An “eyesore” statue of Jesus has been removed from a picturesque Moray attraction based on the bible amid plans to resurrect interest in the site.
Elgin’s Biblical Garden has been open for more than 20 years and contains all 110 species of plant which are mentioned in the bible, as well as likenesses of some religious figures.
But a statue of Jesus fell victim to the elements over that time and ended up missing a hand, fingers and a chunk of its nose.
The charity volunteers who maintain the garden have now removed the statue, along with four others.
Ruth McIntosh, of the Friends of the Biblical Garden group, said visitors had often commented upon the poor condition of the “disfigured” objects.
But she said ditching them was part of a wider project aimed at rejuvenating the horticultural haven, which she believes is one of Elgin’s “hidden gems”.
Mrs McIntosh added: “The statues suffered a lot of wear and tear over the years, and would have been difficult to repair as they were specially made by someone down south.

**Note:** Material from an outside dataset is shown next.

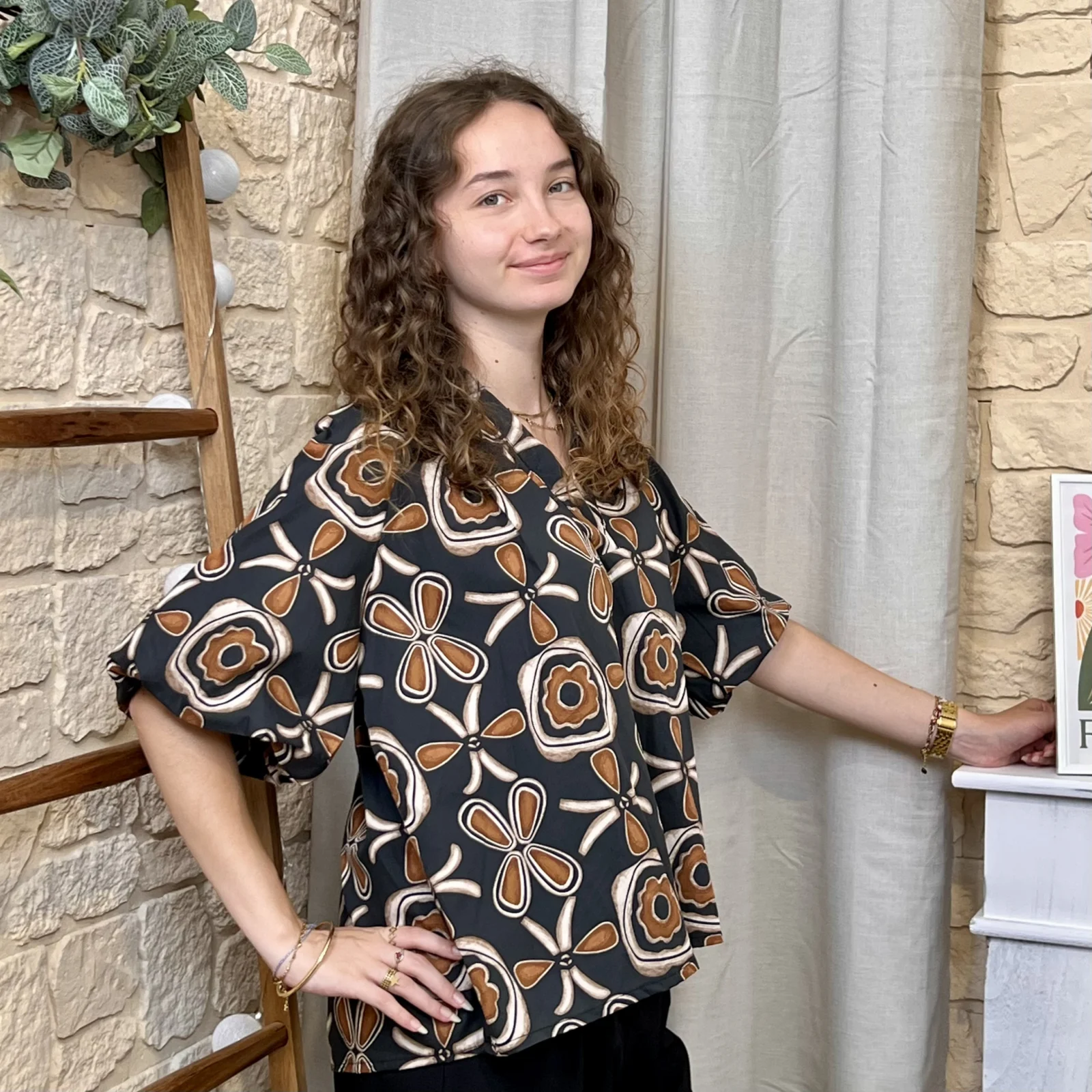 Blouse imprimée manches ballon (TU) - noir - taille-unique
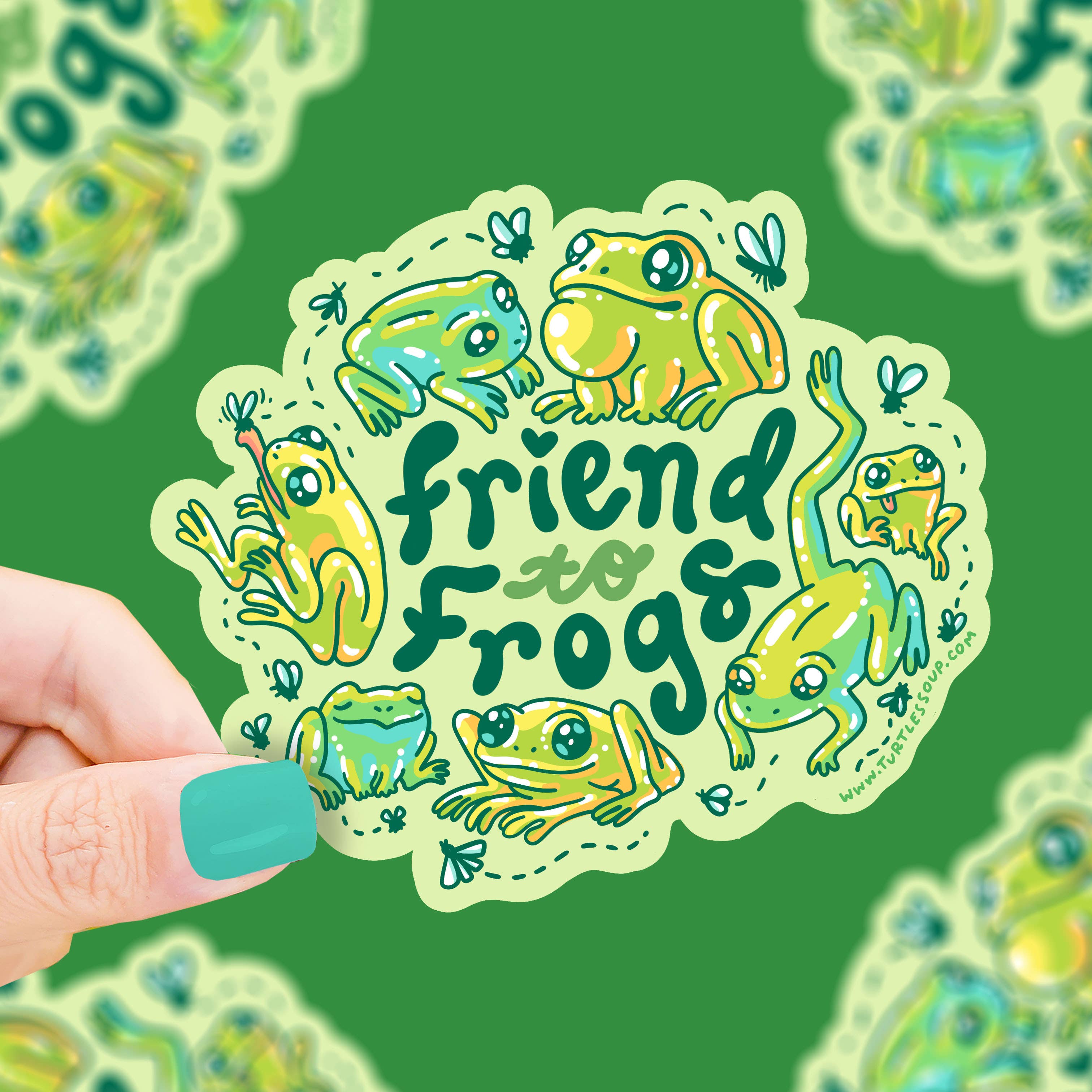 Turtle's Soup - Wholesale Sticker - Friend to Frogs Amphibian and Toads Art Vinyl Sticker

“We were getting comments saying that the garden was lovely but that the statues let it down, so the worst ones have been removed.
“We would like to get new ones if possible, but for now we are focussing on other things.”
The group has recently replaced a wooden gate which obstructed views into the garden and “discouraged guests” with an attractive wrought iron alternative.
Metal plaques showing biblical proverbs have also been refurbished, with the sayings now simplified to make them more understandable.
The signs also explain how different flowers and plants relate to passages from the Good Book.
Plans have been drawn up to replace a rose arbour, and volunteers are working on extending the site into space at its rear along the River Lossie.
Thousands of bulbs have been planted along the banks.
Mrs McIntosh is hopeful that the removal of some statues will deter any negative reviews from visitors.
One woman left a critique online last year stating: “The statues should be removed since they really spoil the place.”
Another described the resin models as “beyond grotesque”.
The Biblical Garden
The Biblical Garden is just opposite Elgin Cathedral and regularly lures in global guests who have visited the historic ruin.
The King Street spot was opened in 1996, and is run by the Friends of the Biblical Garden volunteer group, the Moray Rock Garden Club, Moray Council and horticulture students from Moray College.
Organisers say its “main mission” is to act as a scenic space for “reflection and tranquility” regardless of visitors’ religious beliefs.
The three-acres grounds are shaped like a Celtic cross, and there are various elements designed to represent different parts of the bible.
Students use greenhouses at the back of the site to grow the various plants during term time, and also design flowerbeds.
The plants are maintained by the Friends of the Biblical Garden and Moray Rock Garden Club.
School groups from across Moray visit often and have donated 90 trees and shrubs which have been planted within the garden.
The site is run by volunteers while open between May and September and admission is free, with all proceeds coming from donations.
Mrs McIntosh issued an appeal for more helping hands to take part in the weekly sessions each Tuesday between 6pm and 8pm.
She said: “No experience is required and people’s religious beliefs don’t matter, people are welcome to come along if only for the social element.”